**Instructions for the task:**
Would you copy the lines below exactly and omit the images?

**Information shown:**
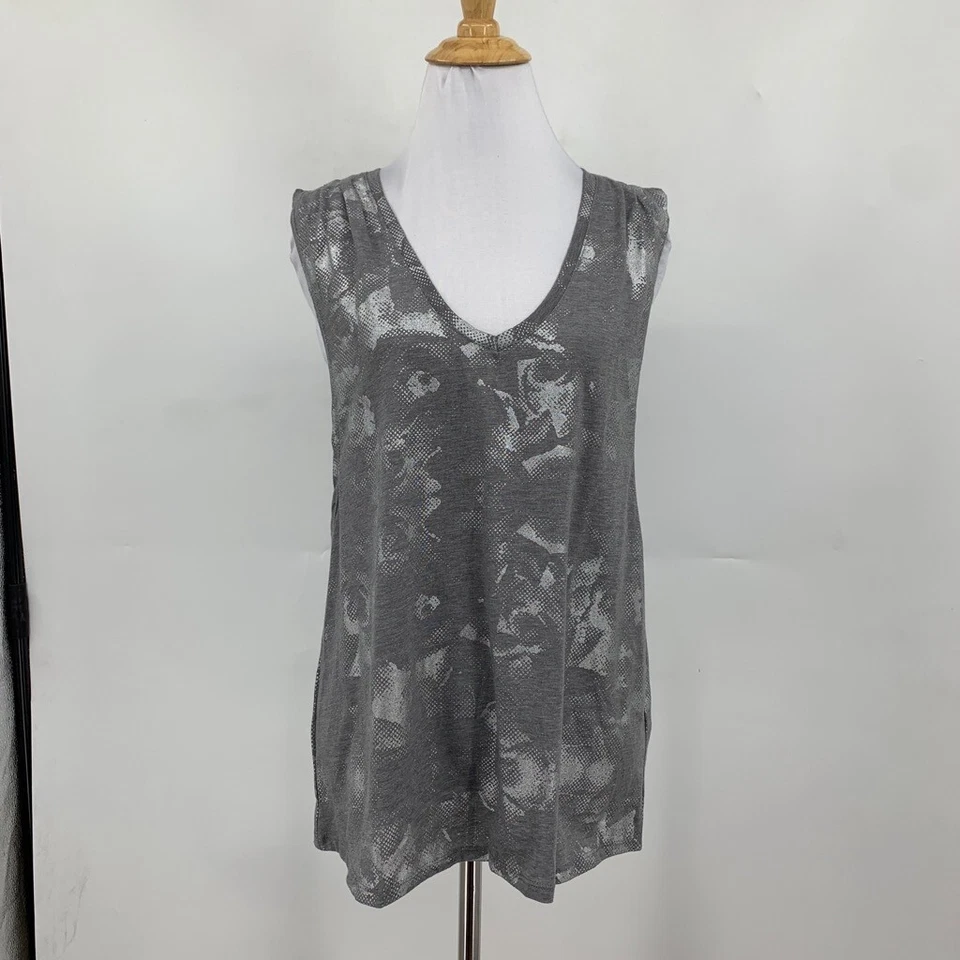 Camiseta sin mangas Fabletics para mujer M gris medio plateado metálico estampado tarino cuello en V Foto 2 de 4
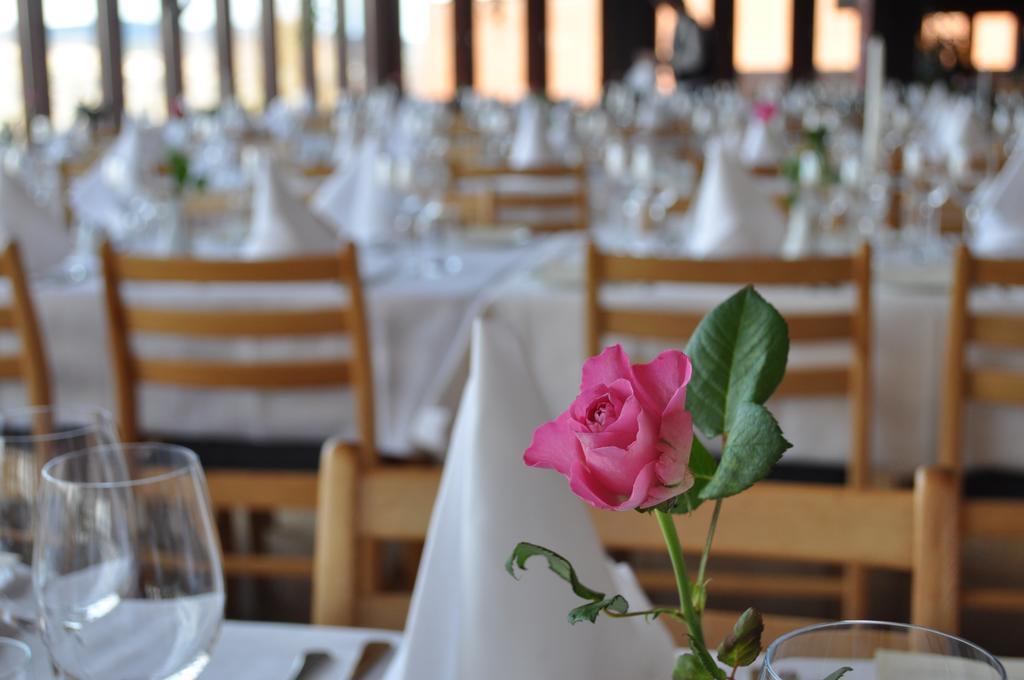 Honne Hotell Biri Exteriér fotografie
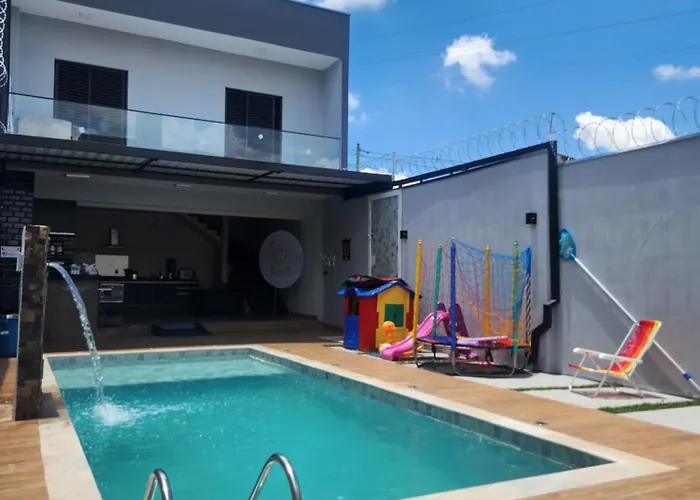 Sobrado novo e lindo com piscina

**Expected output:**
 Camiseta sin mangas Fabletics para mujer M gris medio plateado metálico estampado tarino cuello en V Foto 2 de 4
 Honne Hotell Biri Exteriér fotografie
 Sobrado novo e lindo com piscina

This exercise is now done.